In fact, that’s exactly the opposite of protecting and serving.

The law’s intent is to help improve public safety by keeping guns out of the hands of people who shouldn’t have them. Considering that the requirement for checks involving licensed dealers led to nearly 14,000 gun purchases being blocked over the past seven years, there’s no question that extending it to nonlicensed dealers would produce results.

Does it mean prohibited individuals won’t find another way? No. Will it alone curb the epidemic of gun violence in our state? No.

But it throws up a much-needed roadblock. The sheriffs should be working constructively to make it effective, not stiff-arming it.

Not only does their resistance threaten the safety of their constituents, it sets a dangerous precedent for our democracy.

The sheriffs may claim that they’re representing the will of the voters in their counties, given that the 2016 ballot measure carried even though it was rejected in every county except Clark.

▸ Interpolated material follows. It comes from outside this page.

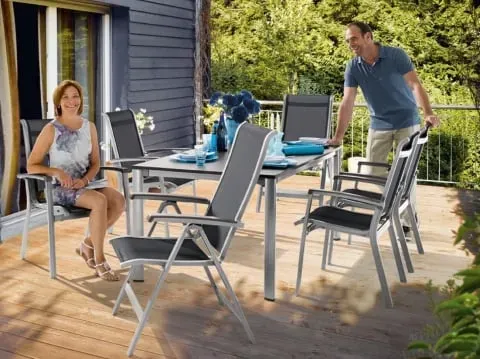 Sieger Calvi Gartenmöbel-Set, graphit 8-teilig aus Aluminium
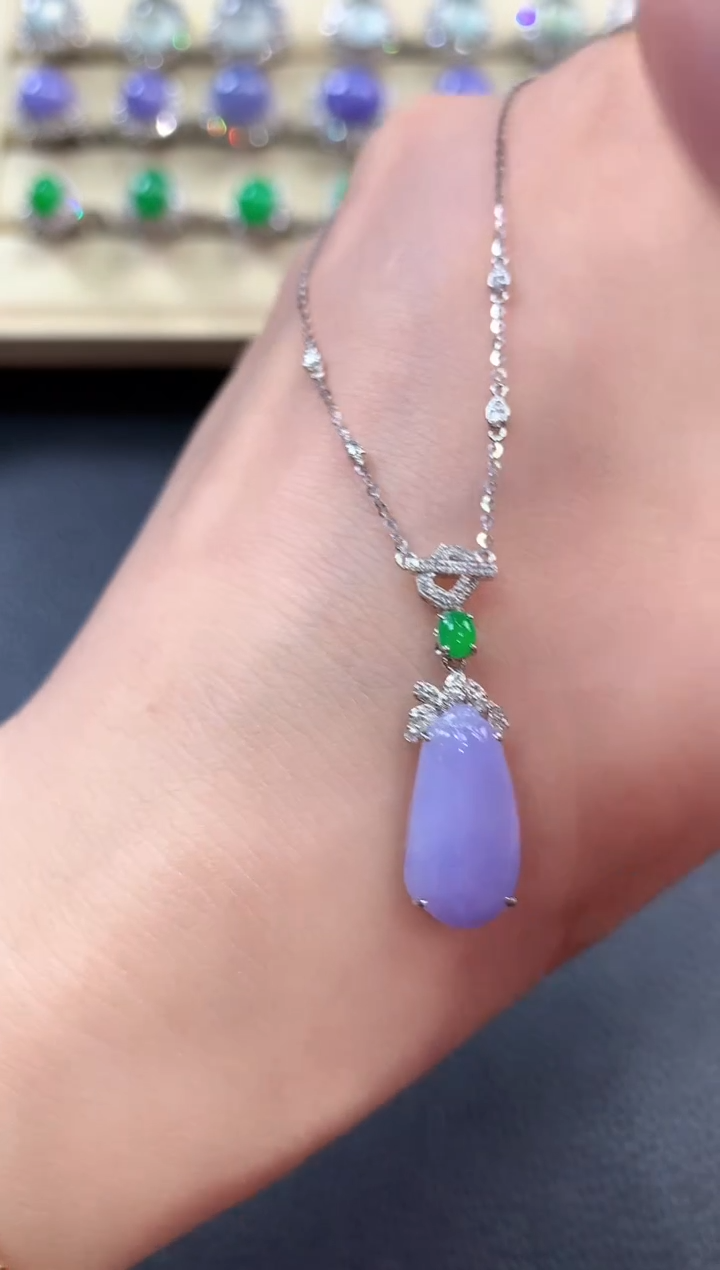 【闪购商品】翡翠套链18K金镶嵌b41有色差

Another element of the narrative coming from opponents of the law is that Nevada elected leaders take an oath to defend the constitutions of the state and the United States, and that the statute is an infringement of constitutional rights.

But they’re conveniently ignoring that in 2015, lawmakers passed a law requiring counties to uphold state gun laws and prohibiting local governments from passing any gun regulations more stringent than those in state law. Ironically, Republicans — many of whom identified as having the same pro-gun values as these sheriffs — were in control of the governor’s office and both chambers of the Legislature the year that law was passed.

The bottom line is that enforcing the will of voters on a county-by-county basis flies in the face of the principle of majority rule.

Given the likelihood of a legal challenge against the law, it’s anybody’s guess how this all will play out.

But these sheriffs should think about the fact that felons, domestic abusers, unscrupulous gun dealers and others like them are among those who would back their stance on the issue.